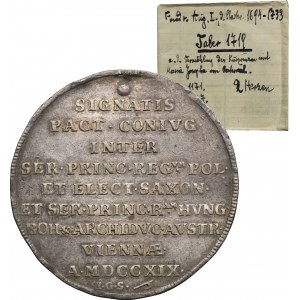 August II the Strong, Wedding Thaler Dresden 1719 IGS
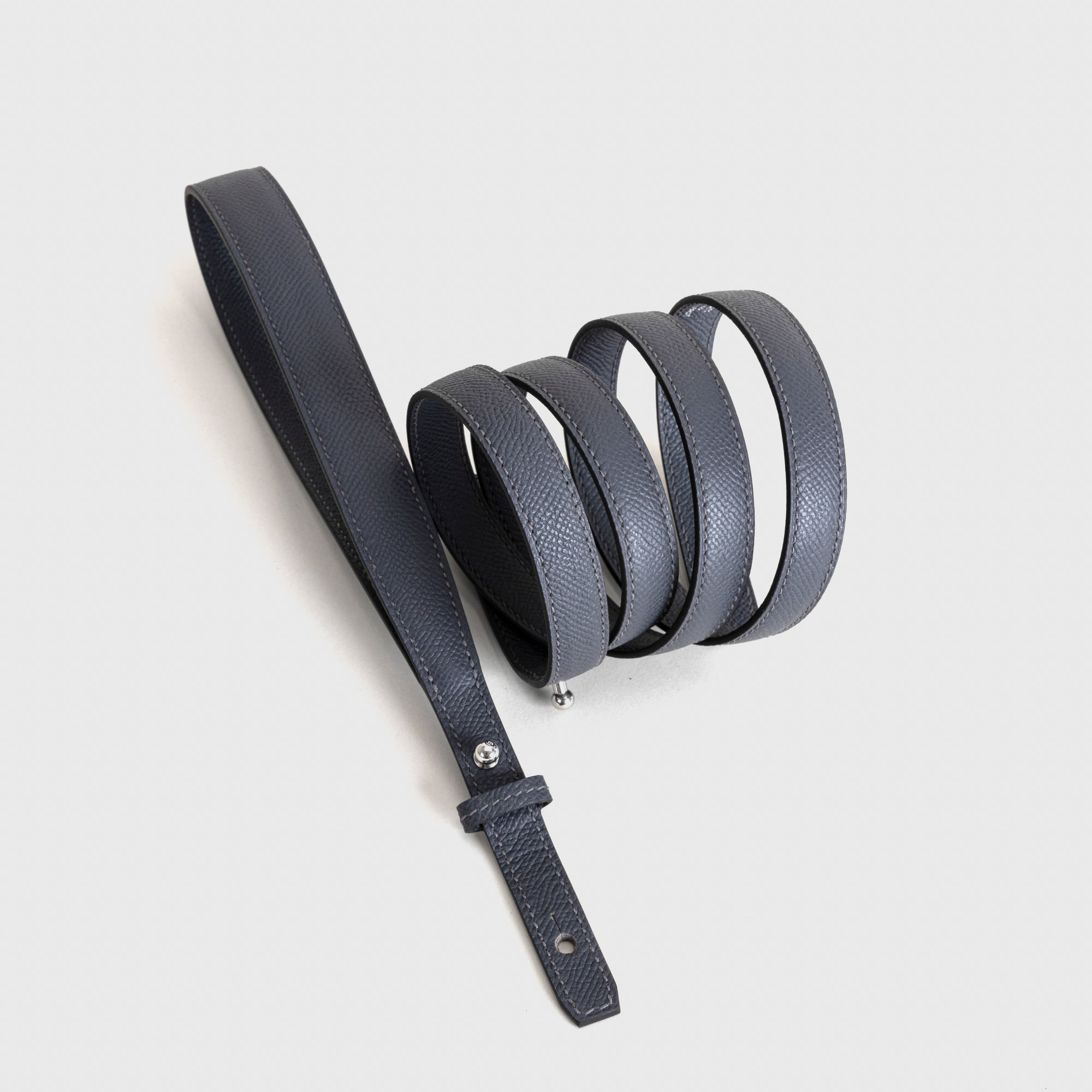 KELLY DEPECHES 25 EPSOM LEATHER GRIS MISTY WITH PALLADIUM HARDWARE (PHW)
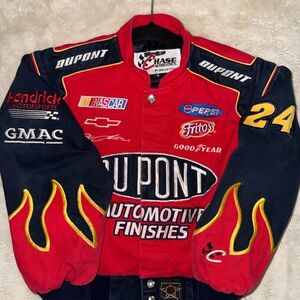 Chase Authentics Racing Jacket - Red with Black Trim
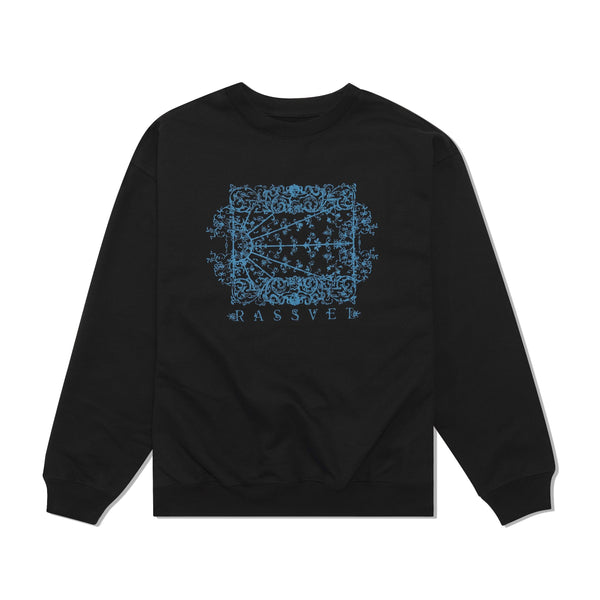 Rassvet Gate Crewneck, Black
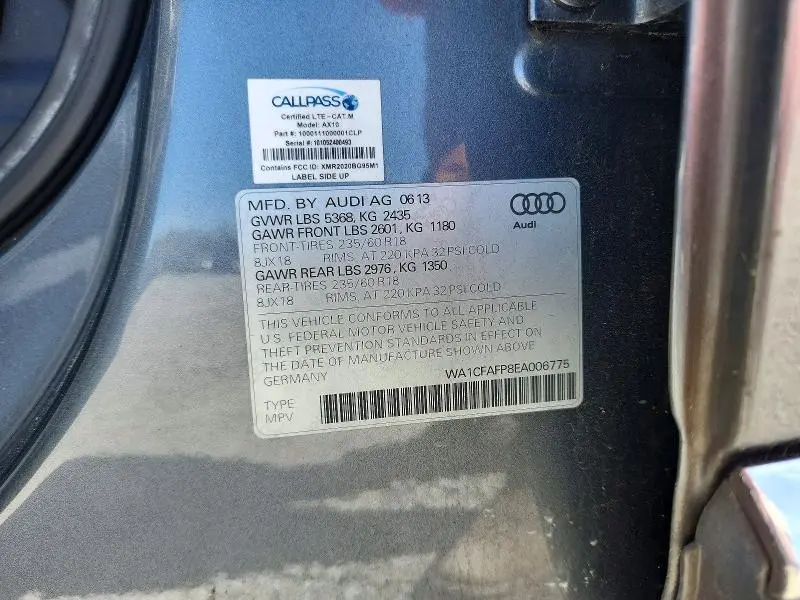 2014 AUDI Q5 PREMIUM  
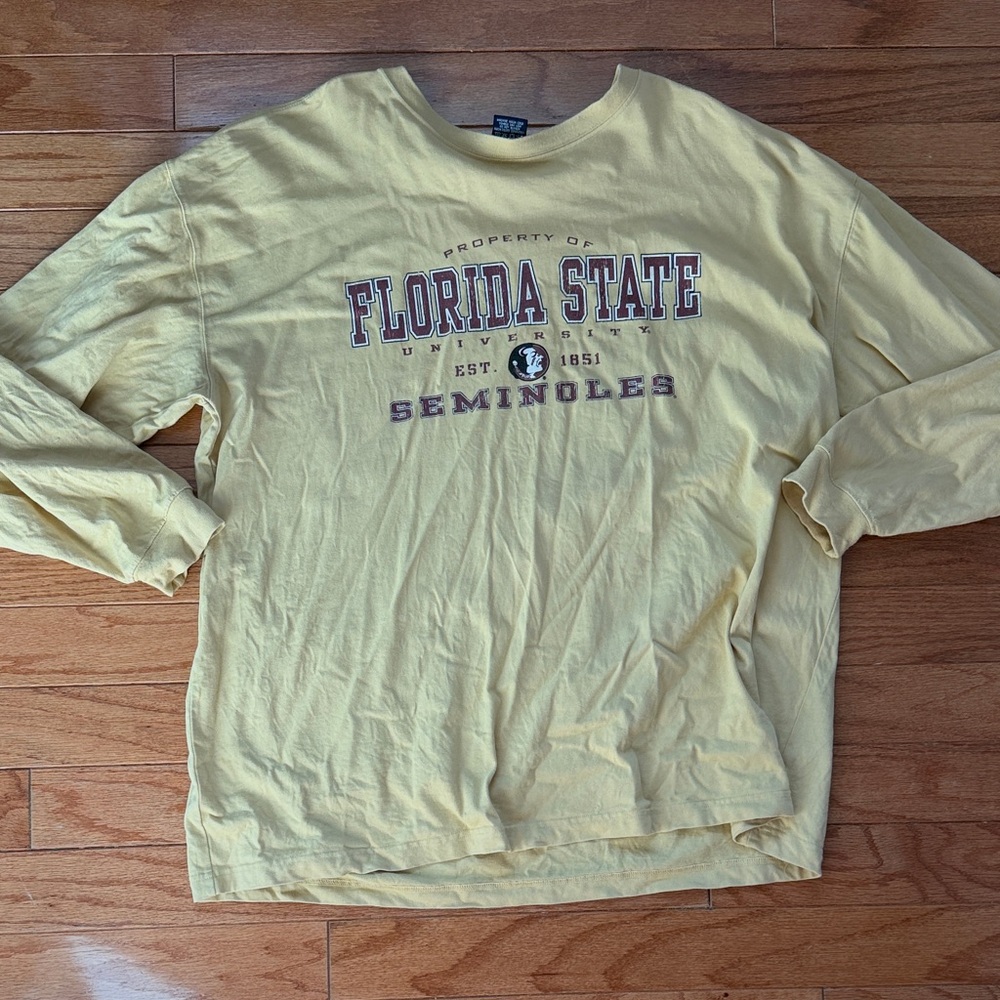 Vintage Florida State Seminoles Yellow Long Sleeve Shirt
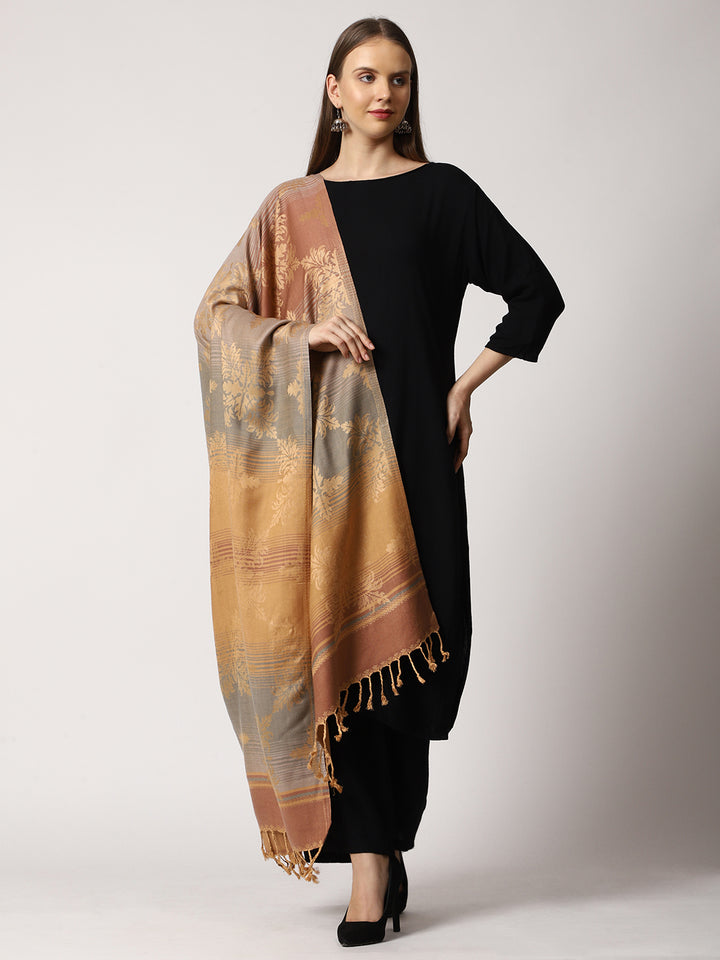 Women's Jamawar Wool Shawl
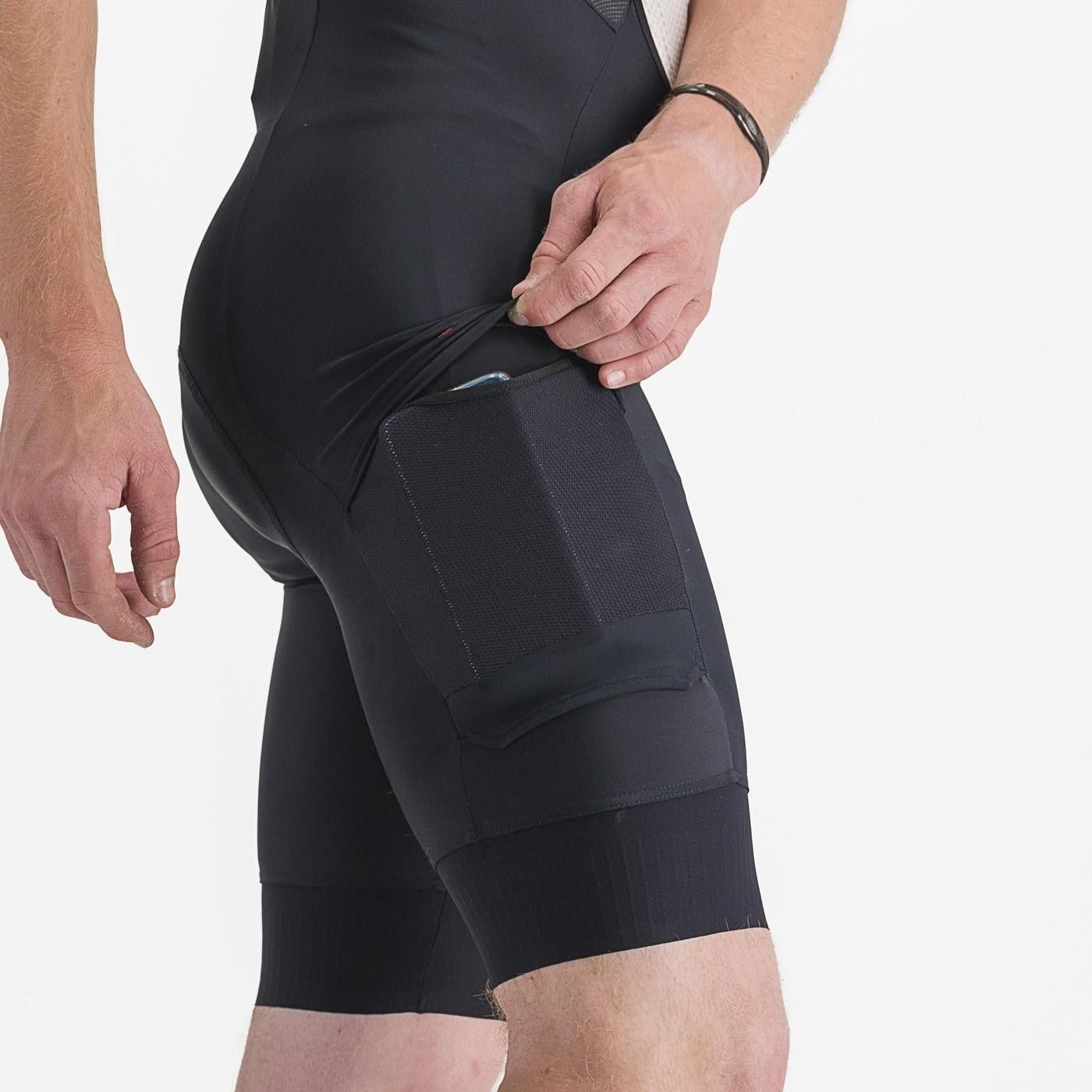 pantaloni scurti cu bretele castelli unlimited cargoshort negru xl 4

#### [EXERCISE]
Set down the material once more, exactly, with the pictures omitted.

#### [REPLY TO THE TASK]
 August II the Strong, Wedding Thaler Dresden 1719 IGS
 KELLY DEPECHES 25 EPSOM LEATHER GRIS MISTY WITH PALLADIUM HARDWARE (PHW)
 Chase Authentics Racing Jacket - Red with Black Trim
 Rassvet Gate Crewneck, Black
 2014 AUDI Q5 PREMIUM  
 Vintage Florida State Seminoles Yellow Long Sleeve Shirt
 Women's Jamawar Wool Shawl
 pantaloni scurti cu bretele castelli unlimited cargoshort negru xl 4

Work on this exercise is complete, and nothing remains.